━━━ Source data
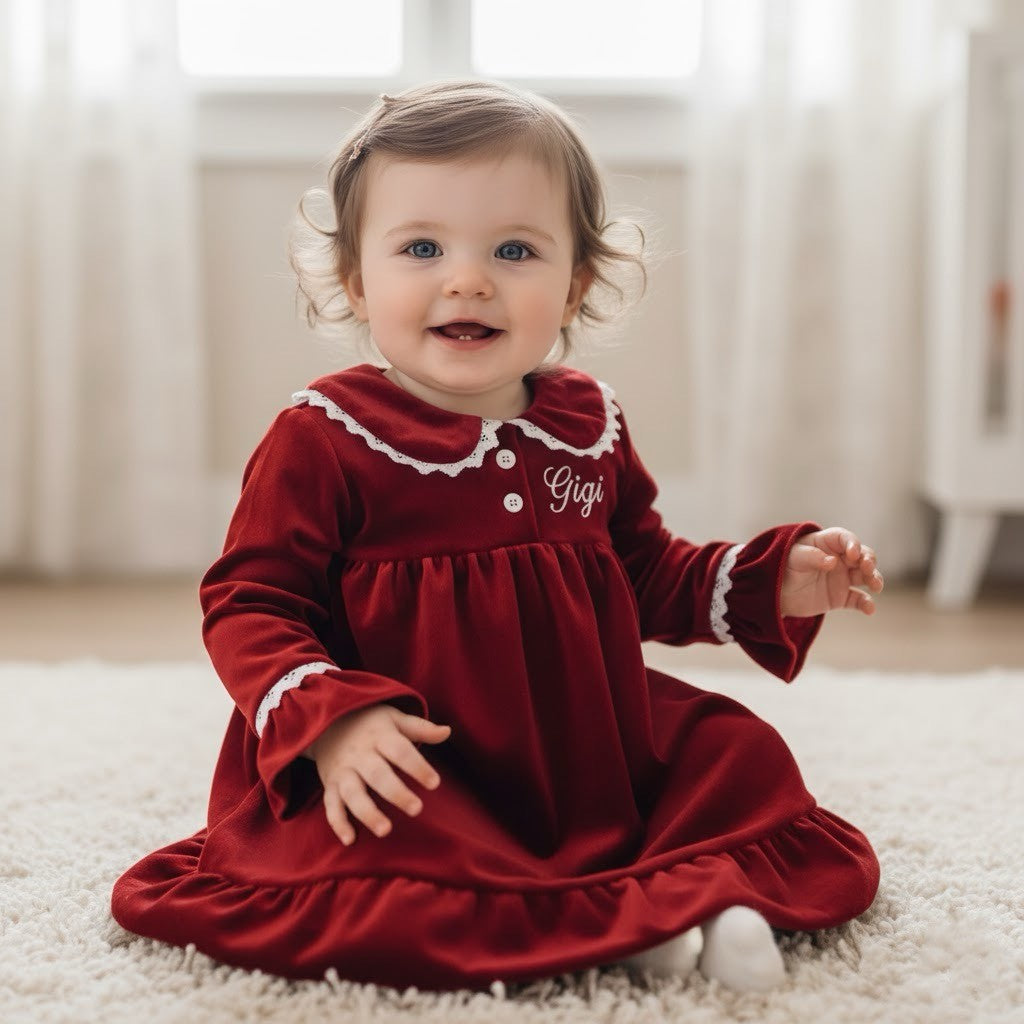 baby girl wearing red velvet dress with the name gigi on it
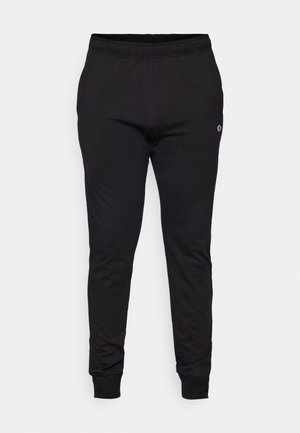 Schwarze Sweatpants aus weichem Stoff mit elastischem Bund und gerippten Knöcheln. Enthält ein kleines Logo an der unteren Beinpartie.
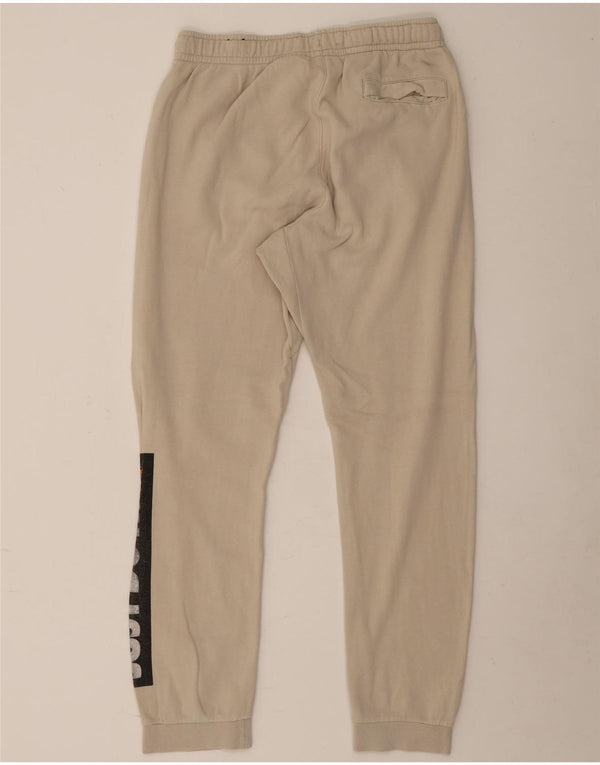 Pantaloni de trening grafic Nike pentru bărbați Joggeri mari, bej, bumbac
━━━━━━
-- Aim of the task --
With the pictures removed, return the full listing exactly as given.

-- Written answer --
 baby girl wearing red velvet dress with the name gigi on it
 Schwarze Sweatpants aus weichem Stoff mit elastischem Bund und gerippten Knöcheln. Enthält ein kleines Logo an der unteren Beinpartie.
 Pantaloni de trening grafic Nike pentru bărbați Joggeri mari, bej, bumbac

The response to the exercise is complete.